Incidentally, almost all 3D accelerator cards require that texture maps have pixel dimensions that are a power of 2 (such as 128, 256, 512, etc.), and in some cases you'll get a performance increase if you stick with square images (128-by-128 instead of, say, 128-by-256). It's also a good idea to render into windows that are aligned on a 32-byte boundary (the size of a PowerPC cache line) and try for window dimensions that are multiples of 32.

Homegrown Math Routines

If you've got a 3D application or subroutine that does a lot of matrix or vector math, you'll want to consider hand-writing your own math functions rather than using QD3D's extensive built-in math library. In the bad old days of CISC chips with very little cache, no floating-point unit, etc., you had little choice but to roll your own math routines. Today, it's not such a pressing necessity. With the advent of the PowerPC architecture (with its big instruction cache, onboard floating-point unit, and abundance of registers), function calls don't have to mean lots of overhead - most compilers nowadays pass arguments in registers rather than on the stack - but just the same, you'll probably find that it pays to inline some math routines of your own now and then, particularly in tight loops that handle thousands of vertices or polygons at a time. It's doubtful you'll actually want to drop down into assembly language, for a variety of reasons. But you may find that using your own matrix-math routines can spare QD3D from having to reload matrices over and over inside a loop, for example. Some of the QD3D math routines have error-checking overhead that (if you're careful) you can profitably sidestep by using your own routines.

One trick I've often found useful is to eliminate square roots whenever possible. Sometimes you're just comparing the lengths of two line segments, for example, in which case you don't need to take the square root of the sum of the squares. Just compare the squares. You'll get the same result. (A longer distance, squared, is always longer than a shorter distance, squared.)

Other QD3D Tricks

There's a little-known QD3D call that (in theory) can affect the speed with which textured objects are drawn. It's called Q3InteractiveRender_SetRAVETextureFilter(). There are 3 predefined constants that can be passed in this call. If you look in Rave.h you'll find them:

   #define kQATextureFilter_Fast    0
   #define kQATextureFilter_Mid     1
   #define kQATextureFilter_Best    2

The idea here is that you can control the degree to which the renderer tries to subpixel-filter your textures when objects are close to the camera. If you don't mind a "chunky" look (i.e., you'd rather have faster rendering), you can select kQATextureFilter_Fast and have faster rendering at the expense of not-as-pretty texturing. According to Apple's QD3D development team, this scheme isn't actually implemented in QD3D 1.5.4, but will be in a future release. So be ready for it.

If you have a "busy" scene with lots of objects or you do a lot of camera fly-throughs, you should probably consider doing your own object culling. Culling refers to the process of determining which objects, if any, in a scene are outside the viewing range of the camera and therefore needn't be submitted to the renderer. QD3D's interactive renderer does its own culling, but not very efficiently. Your application (unlike the renderer) may "know" a lot about the scene, a priori, and as a result you can often reduce the number of objects submitted for rendering. (Remember: To go fast, do less.)

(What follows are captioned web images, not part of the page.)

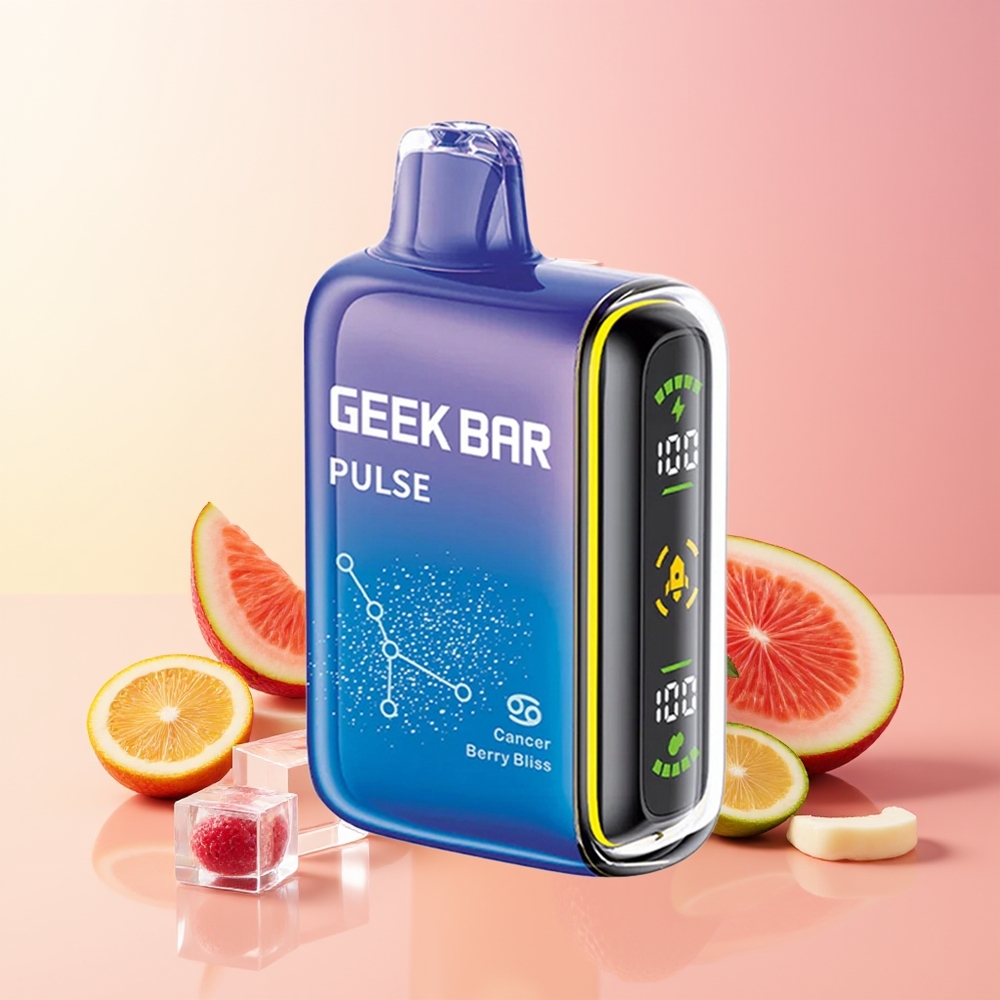GEEK BAR Pulse 15.000 Pufov 16ML Zodiak Edicija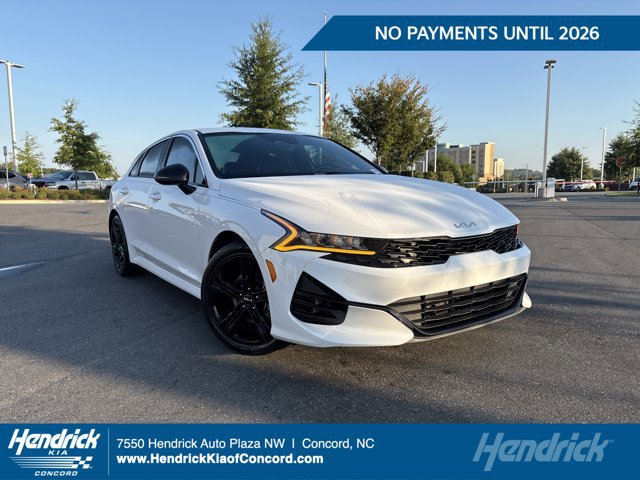 Certified 2022 Kia K5 GT-Line image 1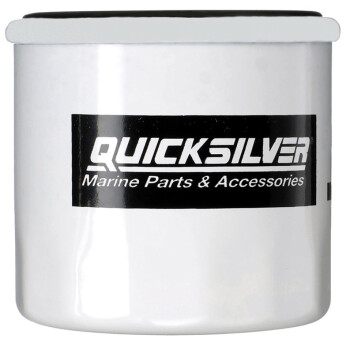 Quicksilver 8M0154780 Oliefilter til forskellige marinemotorer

For more ideas on how to speed up QD3D, be sure and track down the excellent document, "Making Cool QuickDraw 3D Applications" by Apple's Brian Greenstone. This document has changed locations a lot but is on Apple's web site. (Search on "cool3dappspdf.") It contains lots of tips for making QD3D objects render faster.

Conclusion

QuickDraw 3D lives up to its name in most situations, but in QD3D programming (as in all graphics work) there's no such thing as too much speed. In our sample application, we saw that by means of a few relatively simple changes to our code (if you can call translating a TriGrid to a TriMesh simple) we were able to score around a 5-to-1 performance gain, taking a couple-frames-per-second update rate to well over 10 fps on a 250Mhz machine. (In its final version, our test object completed its 30-frame test cycle in less than 150 ticks - versus more than 750 ticks for the worst-case scenario.)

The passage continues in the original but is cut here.